Extracted data:
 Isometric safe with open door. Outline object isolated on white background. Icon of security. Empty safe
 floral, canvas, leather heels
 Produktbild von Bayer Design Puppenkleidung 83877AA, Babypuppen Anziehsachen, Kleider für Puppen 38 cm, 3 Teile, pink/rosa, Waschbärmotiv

...

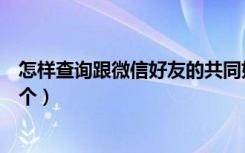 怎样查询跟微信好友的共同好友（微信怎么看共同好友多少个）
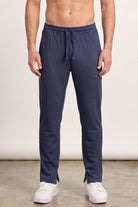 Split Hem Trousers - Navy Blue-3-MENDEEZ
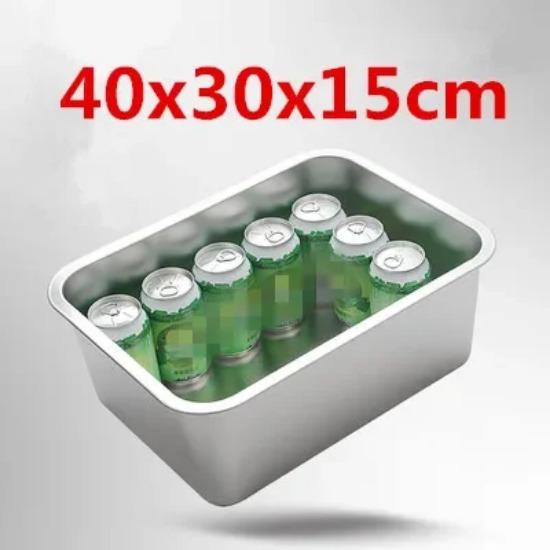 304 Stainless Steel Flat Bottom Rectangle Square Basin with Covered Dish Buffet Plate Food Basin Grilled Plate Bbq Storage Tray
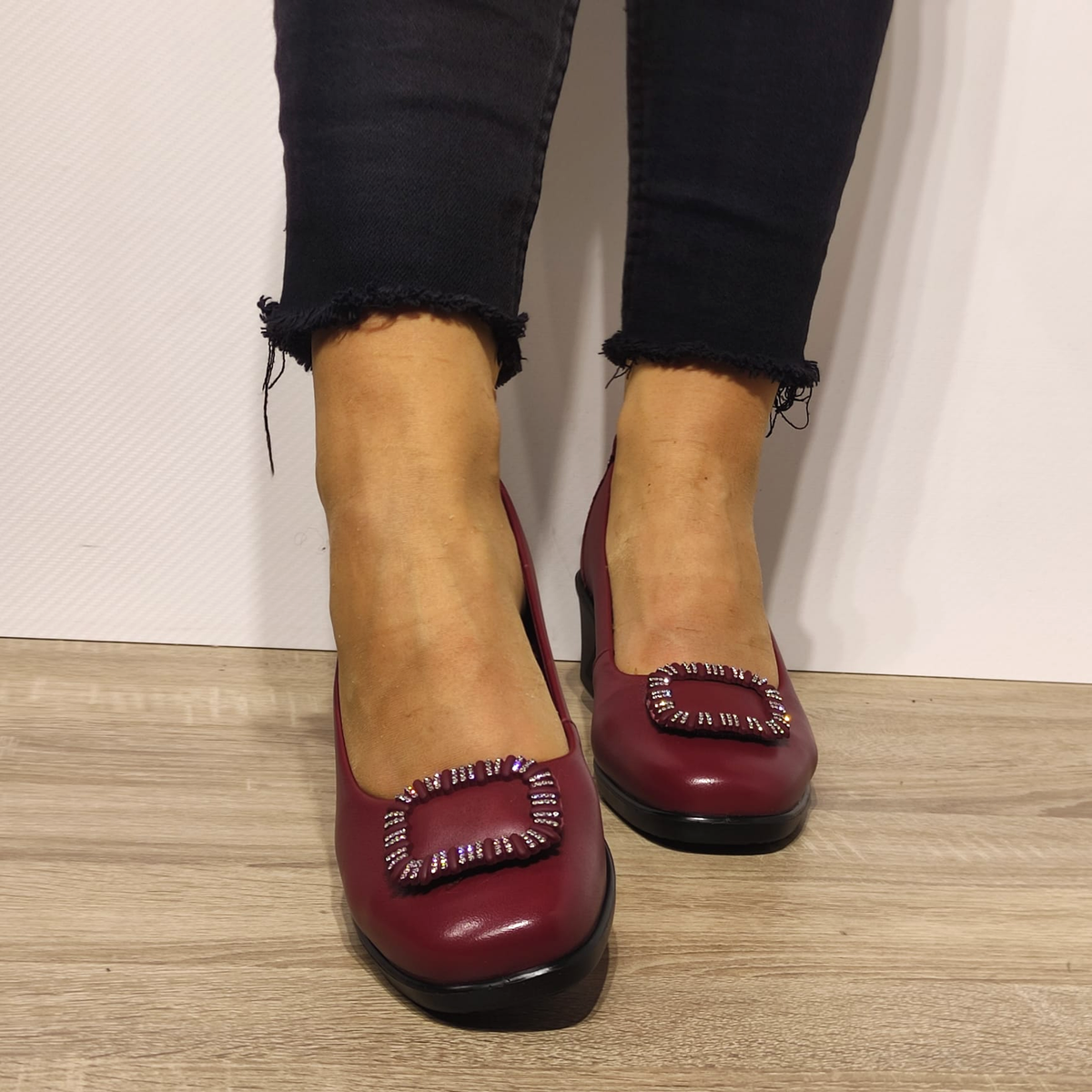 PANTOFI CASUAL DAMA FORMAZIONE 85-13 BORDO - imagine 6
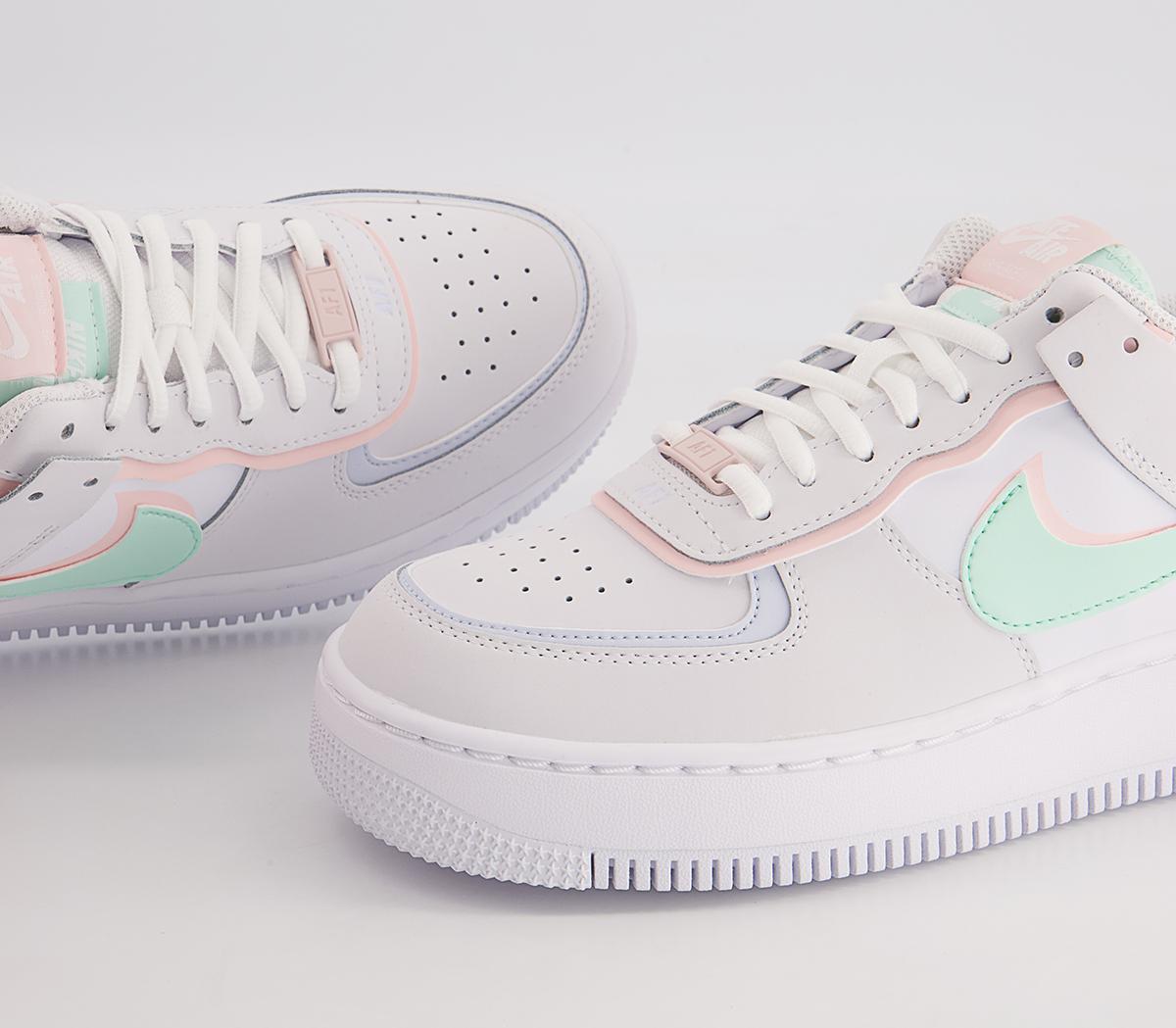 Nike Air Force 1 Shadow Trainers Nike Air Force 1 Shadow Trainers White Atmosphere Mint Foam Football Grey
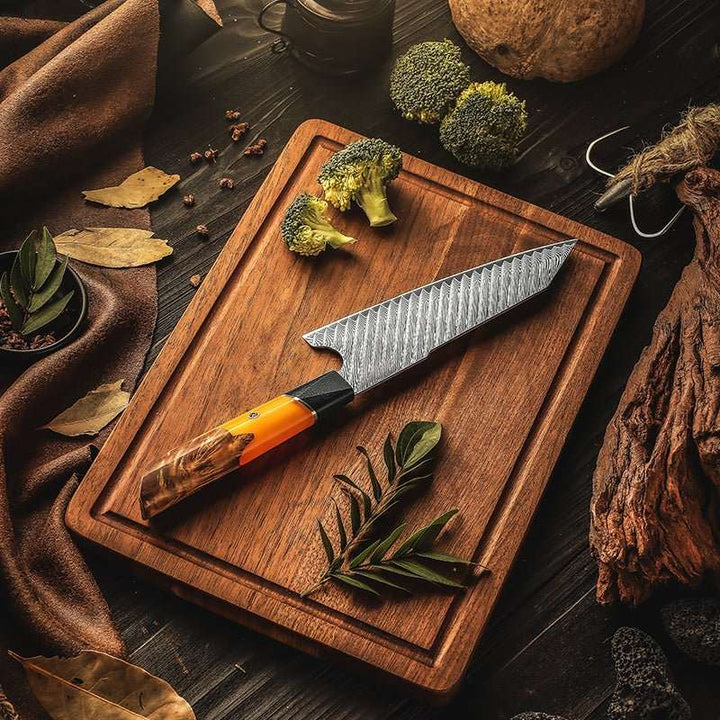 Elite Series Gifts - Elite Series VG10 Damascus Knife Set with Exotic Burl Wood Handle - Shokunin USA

Your goal: Only the lines above from the one with "Nike Air Force 1 Shadow Trainers Nike" to the one with "Elite Series Gifts" should be printed, both included and exactly as written; no picture belongs in the copy.

Solved exercise:
 Nike Air Force 1 Shadow Trainers Nike Air Force 1 Shadow Trainers White Atmosphere Mint Foam Football Grey
 Elite Series Gifts - Elite Series VG10 Damascus Knife Set with Exotic Burl Wood Handle - Shokunin USA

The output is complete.